Nº 536 • 07 de Março de 2012
Editorial:
As eleições autárquicas já se aproximam e
os partidos políticos finalizam o processo complexo de seleccionar o candidato
ao cargo de presidente da câmara. Depois virão a constituição das listas, o
traçar das estratégias eleitorais e a mobilização da máquina partidária para
suportar o candidato. Curioso é que, depois de poucos meses atrás se ter
insistido numa ideia de cidadania que não se esgota nos partidos políticos, a
grande oportunidade de grupos de cidadãos participarem na gestão autárquica não
esteja a ser aproveitada. As autárquicas de 2012 serão a sexta eleição desde a
restauração do municipalismo cabo-verdiano.
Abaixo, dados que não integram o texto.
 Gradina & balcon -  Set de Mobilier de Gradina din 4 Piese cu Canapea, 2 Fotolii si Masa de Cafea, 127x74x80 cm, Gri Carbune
Após as primeiras eleições
realizadas em 1991, muitas esperanças foram colocadas no poder local. Pensou-se
que podia ser o cadinho onde a experiência democrática seria mais imediata,
mais efectiva e mais gratificante. Tais esperanças não viriam a realizar-se em
pleno. A experimentação autárquica, primeiro em 14 municípios e actualmente em
22, não deixou porém de ser rica e de trazer ganhos significativos para a
organização do espaço municipal, para a prestação de serviços indispensáveis e
para o bem-estar geral e auto estima dos munícipes. O reviver da autoridade
local não conseguiu pôr travões suficientes ao abandono e degradação das
questões municipais dos primeiros quinze anos da independência. Vê-se isso na
forma caótica, quase por inércia, que os principais centros urbanos do país
continuaram a crescer, na evidente falta de civismo e na persistência de uma
administração ainda pouco prestável e facilitadora. Talvez os desafios
colocados pelo crescimento rápido da economia nos anos seguintes não deixou
muita margem aos novos autarcas para se debruçarem sobre os graves problemas
herdados. Em consequência, desenvolveu-se um estilo de actuação em que “fazer”
sobrepunha-se ao “planear” e a centralização de poderes era a tentação óbvia.
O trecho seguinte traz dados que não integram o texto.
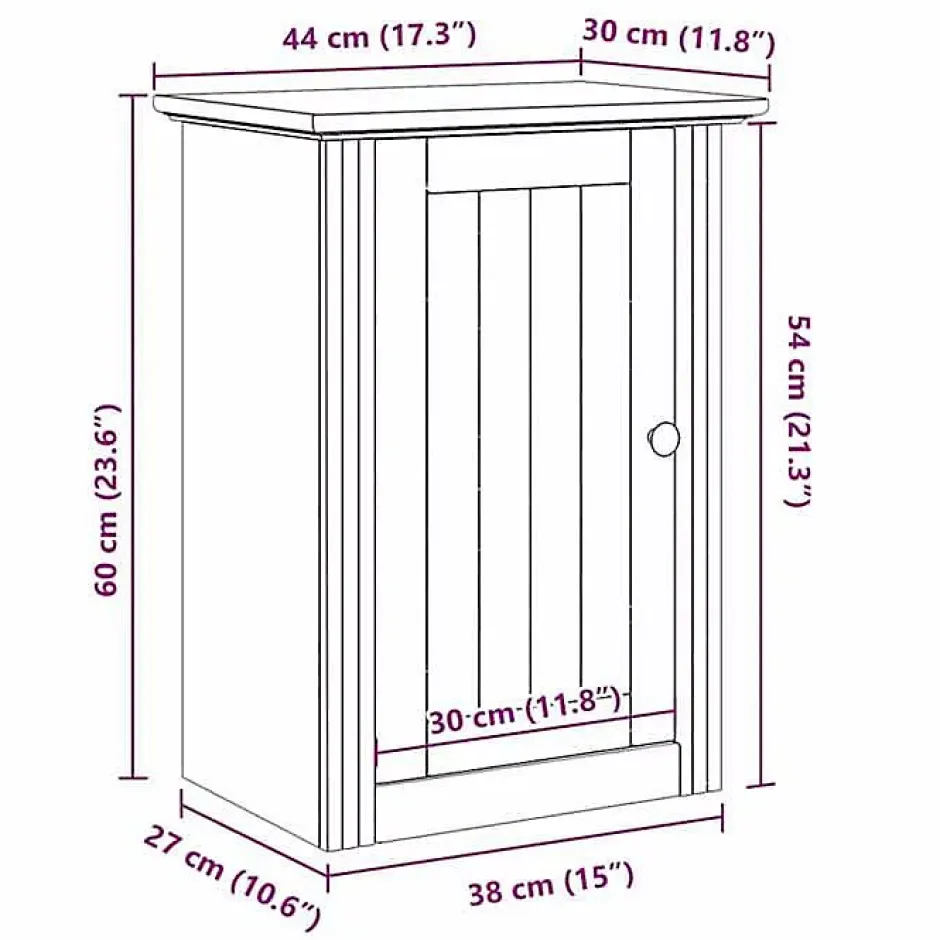 Vidaxl Armoire murale de salle de bain BODO gris 44x30x60 cm* Meuble Wc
Falhas outras, designadamente no aproveitamento das oportunidades e no
desenvolvimento das potencialidades locais, devem-se ao facto de se terem
transformado as autarquias num campo de disputa entre o governo e a câmara
municipal. A cooperação entre os serviços desconcentrados do estado e os
municípios foi prejudicada e no terreno surgiram organizações sociais
financiadas pelo governo a rivalizar com as câmaras na prossecução de
competências municipais. Todos esses embates desnecessários causaram
ineficiências na utilização de recursos e perda de eficácia na concretização de
objectivos de desenvolvimento. Reclama-se muito que a sociedade civil, seja
local ou nacional, tarda a tornar-se autónoma e actuante. Certamente que
contribui para essa inibição o elevado grau de conflitualidade política
existente. Também não ajuda a centralização de iniciativa e de decisões tanto a
nível central como local e o insuficiente esforço em motivar e facilitar
protagonistas locais. Muitas dificuldades encontradas na selecção de candidatos
compreendem-se pela estrutura do poder excessivamente personalizada que os
presidentes de câmara acabam por construir para assegurarem o mandato e a posterior
reeleição. Sendo quase pessoal, o Poder não é facilmente transferível. Devido a
isso os partidos vêem-se apanhados numa armadilha: por um lado, têm
dificuldades em renovar candidatos e em preparar eventuais sucessões; e, por
outro, arriscam-se a perder as suas câmaras quando finalmente o titular desiste
ou torna-se impossível reelegê-lo. O engajamento dos municípios no
aproveitamento das vocações das ilhas e em torná-las competitivas é fundamental
para o desenvolvimento equilibrado do país. Para que isso aconteça, há que
mudar atitudes na governação do país. Opções como concentração na captação de
fluxos externos e manutenção da lógica de redistribuição de acordo com
critérios de poder devem ceder lugar ao engajamento com a economia mundial via
exportação de bens e serviços. Se a mudança não for feita, irá manter-se o
status quo: a centralização, a guerrilha política no palco municipal, a
sociedade civil murcha e as disparidades entre as ilhas. O sucesso numa nova
orientação, pelo contrário, implicaria o soltar das energias e uma motivação
superior das pessoas e comunidades. Precisamente o que se pretende para
garantir que todas as ilhas e recantos do país tenham a oportunidade de
prosperarem e contribuíram para o progresso do todos.